China’s Communist Party invites NLD to regional meeting

The National League for Democracy (NLD) will attend an online meeting organized by the Communist Party of China (CPC) on Thursday, according to a senior party member.

Four parties from Myanmar have been invited to the meeting on “Political Parties’ Cooperation in Joint Pursuit of Economic Development,” which will bring together parties from across South and Southeast Asia.

The Union Solidarity and Development Party—the NLD’s main, military-backed rival—and the Arakan National Party are also expected to attend. It was not clear at the time of reporting which other Myanmar party would be present.

NLD lawmaker Bo Bo Oo posted on social media on Wednesday that the NLD would be attending the meeting. A senior party member later told Myanmar Now that Bo Bo Oo, who handles the party’s communications with China, would also be taking part.

The NLD was Myanmar’s ruling party until it was ousted by the military on February 1, despite winning a landslide victory in last year’s election.

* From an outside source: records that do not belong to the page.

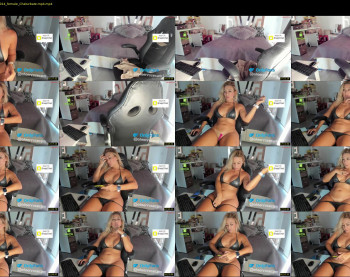 eileen_rose — 42 minute Chaturbate female cam show recording, 720p, Jan 22, 2024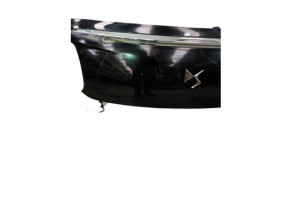 Malle/Hayon arriere DS DS3 Photo n°3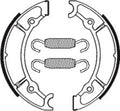 Zapatas de freno Tecnium BA113 TECNIUM BA113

China is one of the few countries that recognize the coup regime led by Myanmar’s top general, Min Aung Hlaing. But it has also reportedly expressed concern over the military’s plan to dissolve the NLD, according to media reports.

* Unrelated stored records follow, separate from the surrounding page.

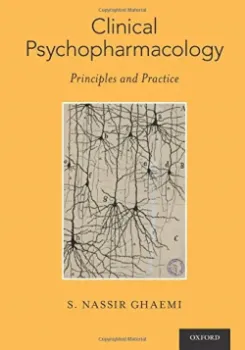Imagem de Clinical Psychopharmacology: Principles and Practice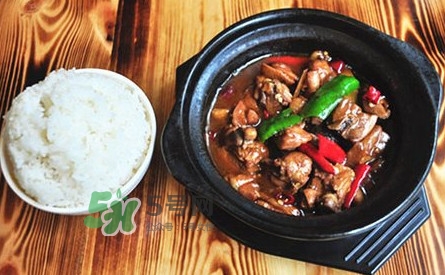 黃燜雞米飯有幾個品牌？黃燜雞米飯有營養(yǎng)嗎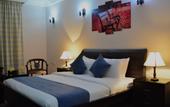 Туры в отель Lilium Hotel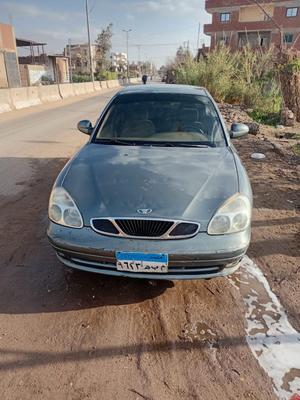 Daewoo Nubira 2 2000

The invitation to Thursday’s online meeting was not the first time that China has publicly signalled its ongoing relationship with the NLD since it was ousted from power.

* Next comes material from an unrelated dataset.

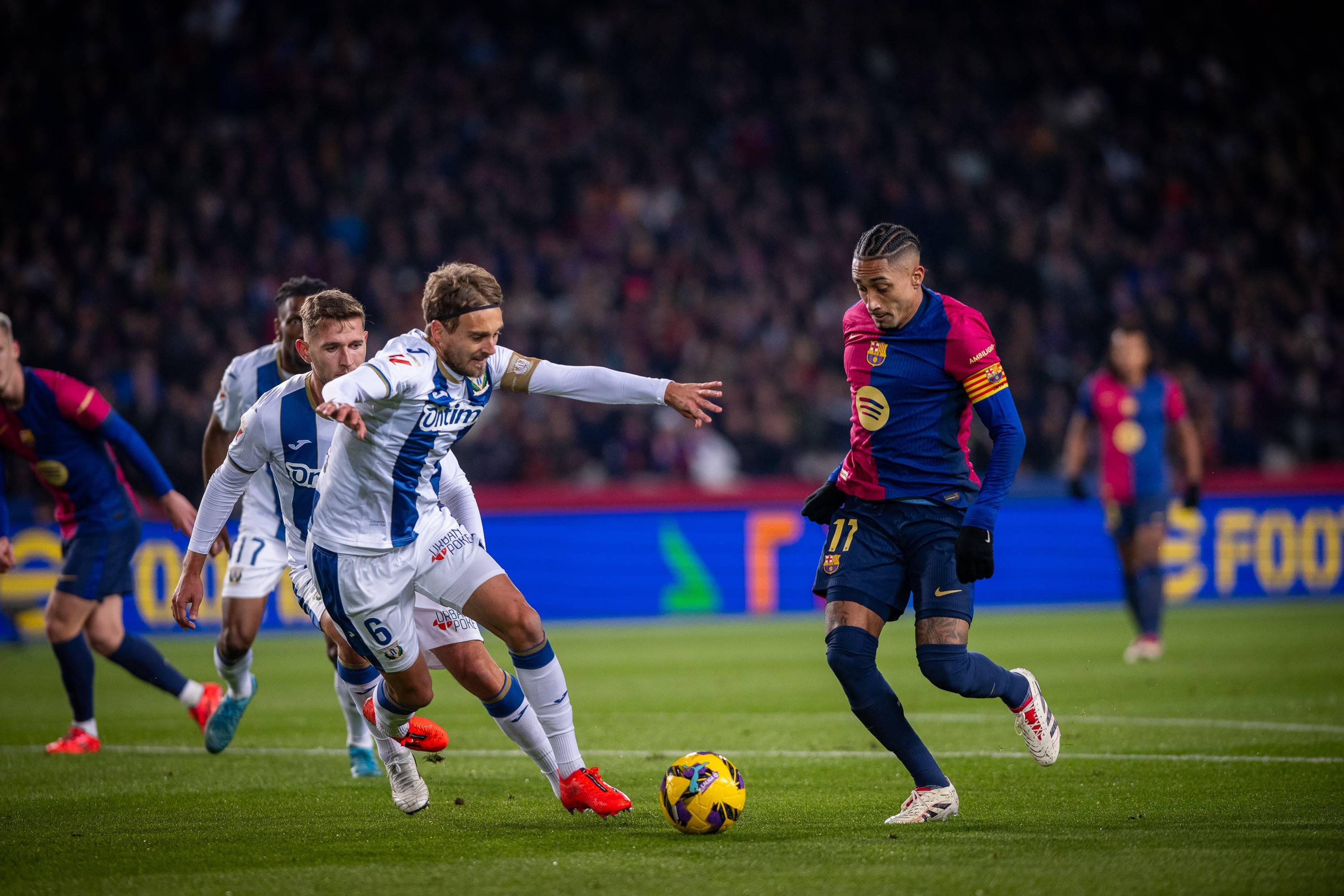 莱加内斯主场击败科尔多瓦,升至积分榜首的简单介绍 莱加内斯主场击败科尔多瓦,升至积分榜首的简单介绍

In July, the CPC sent a letter to the NLD’s central executive committee thanking it for sending congratulations on the occasion of the CPC’s centenary. 

A ceremony marks the start of the CPC’s centenary celebrations at Tian’anmen Square in Beijing on July 1 (Xinhua)

Also, during a week-long visit to Myanmar in late August, China’s special envoy for Asian affairs, Sun Guoxiang, reportedly requested a meeting with NLD leader Aung San Suu Kyi. The request was denied.

While the Myanmar junta has been tight-lipped about the visit, China’s state-run Xinhua news agency reported that it was part of Beijing’s effort to help Myanmar “restore social stability and resume democratic transformation at an early date.”

China, which has long been seen as an ally of successive military regimes in Myanmar, was the target of protests and boycotts around the country in the wake of the coup.